In recent decades, marriage has been weakened by a revisionist view that marriage is more about adults’ desires than children’s needs. This view reduces marriage primarily to emotional bonds or legal privileges. Redefining marriage represents the culmination of this revisionism and would leave emotional intensity as the only thing that sets marriage apart from other bonds.
However, if marriage were just intense emotional regard, marital norms would make no sense as a principled matter. There is no reason of principle that requires an emotional union to be permanent. Or limited to two persons. Or sexual, much less sexually exclusive (as opposed to “open”). Or inherently oriented to family life and shaped by its demands.
In other words, if sexual complementarity is optional for marriage, then almost every other norm that sets marriage apart is optional.[10]
Redefining marriage marginalizes those with traditional views and leads to the erosion of religious liberty. The law and culture will seek to eradicate such views through economic, social, and legal pressure. If marriage is redefined, believing what virtually every human society once believed about marriage—that it is a union of a man and woman ordered to procreation and family life—would be seen increasingly as a malicious prejudice to be driven to the margins of culture. The consequences for religious believers are becoming apparent.[11]
For example, after Massachusetts redefined marriage to include same-sex relationships, Catholic Charities of Boston was forced to discontinue its adoption services rather than place children with same-sex couples against its principles. Massachusetts public schools began teaching grade-school students about same-sex marriage, defending their decision because they are “committed to teaching about the world they live in, and in Massachusetts same-sex marriage is legal.” A Massachusetts appellate court ruled that parents have no right to exempt their children from these classes.[12]
In fact, the Becket Fund for Religious Liberty reports that “over 350 separate state anti-discrimination provisions would likely be triggered by recognition of same-sex marriage.”[13]
The Supreme Court and the Future of Marriage
The Supreme Court should not usurp democratic authority from citizens and their elected officials. Let the political process do its work. The definition of marriage is not something for activist courts to decide. The Supreme Court should respect the constitutional authority of the people.[14]
Government recognizes traditional marriage because it benefits society in a way that no other relationship or institution does. Yet promoting marriage does not ban any type of relationship.

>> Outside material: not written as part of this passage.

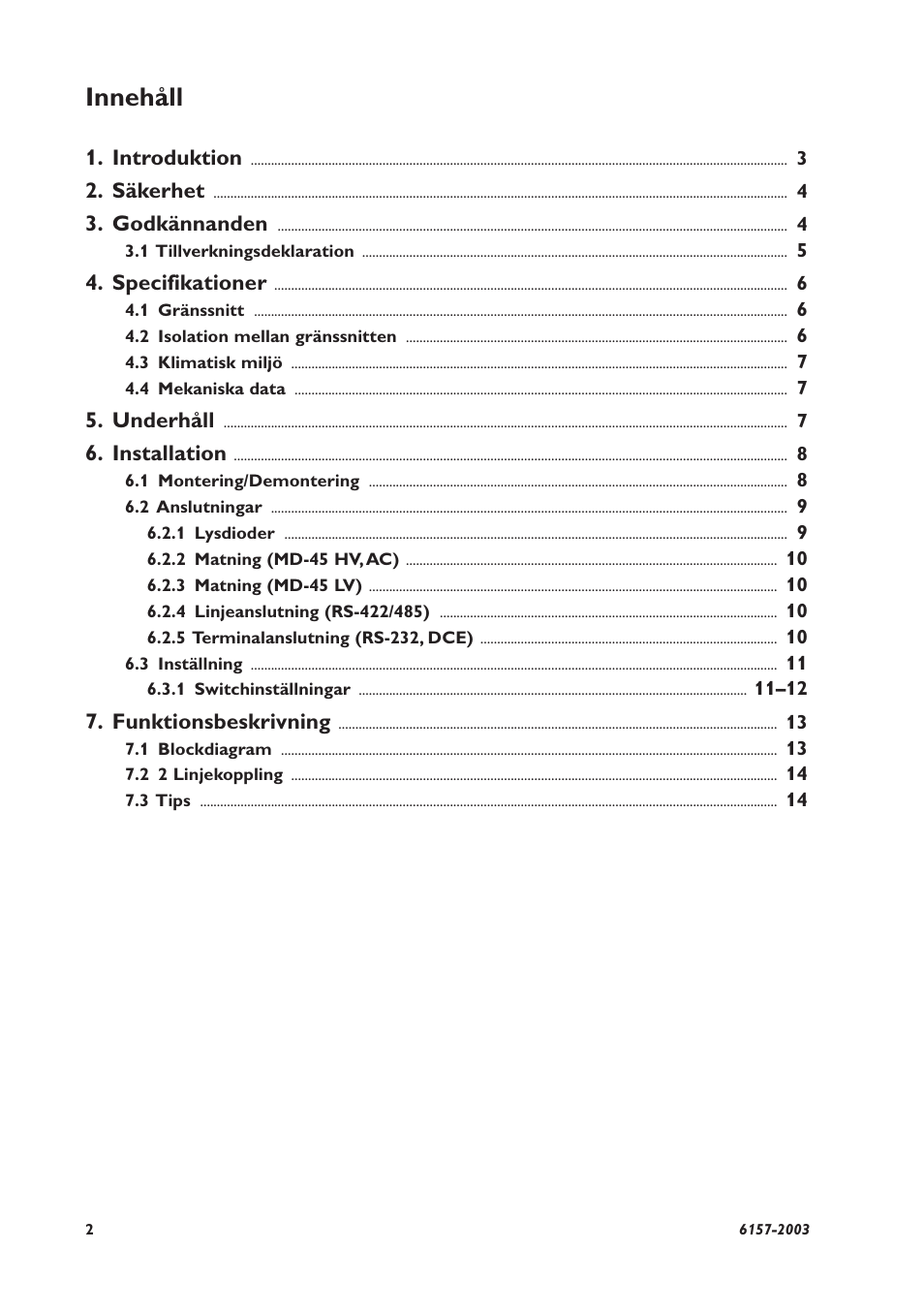 Innehåll | Westermo MD-45 User Manual | Page 2 / 60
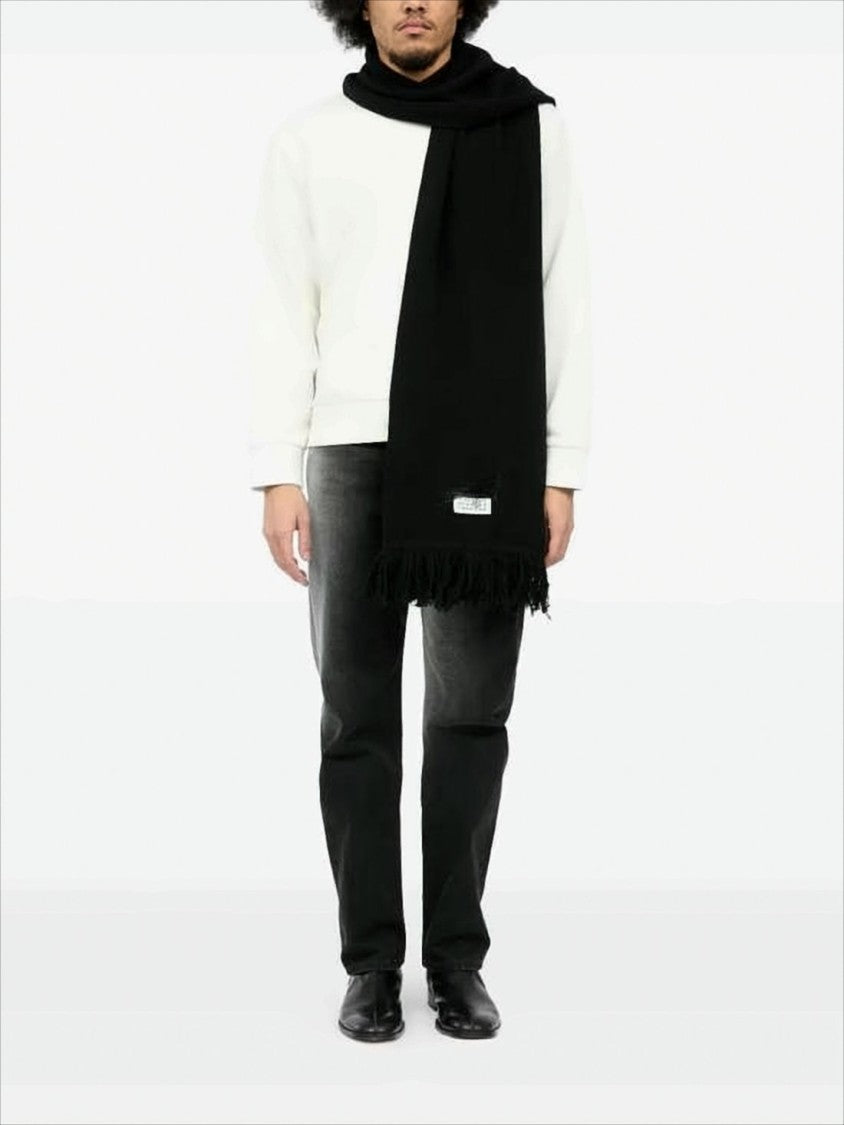 Mm6 By Maison Margiela Ribbed Texture Rectangle Scarf With Fringed Ends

All Americans have the freedom to live and love as they choose, but no one has a right to redefine marriage for everyone else.
The future of this country depends on the future of marriage, and the future of marriage depends on citizens understanding what it is and why it matters and demanding that government policies support true marriage rather than undermine it.
—Ryan T. Anderson is William E. Simon Fellow in Religion and a Free Society in the Richard and Helen DeVos Center for Religion and Civil Society at The Heritage Foundation.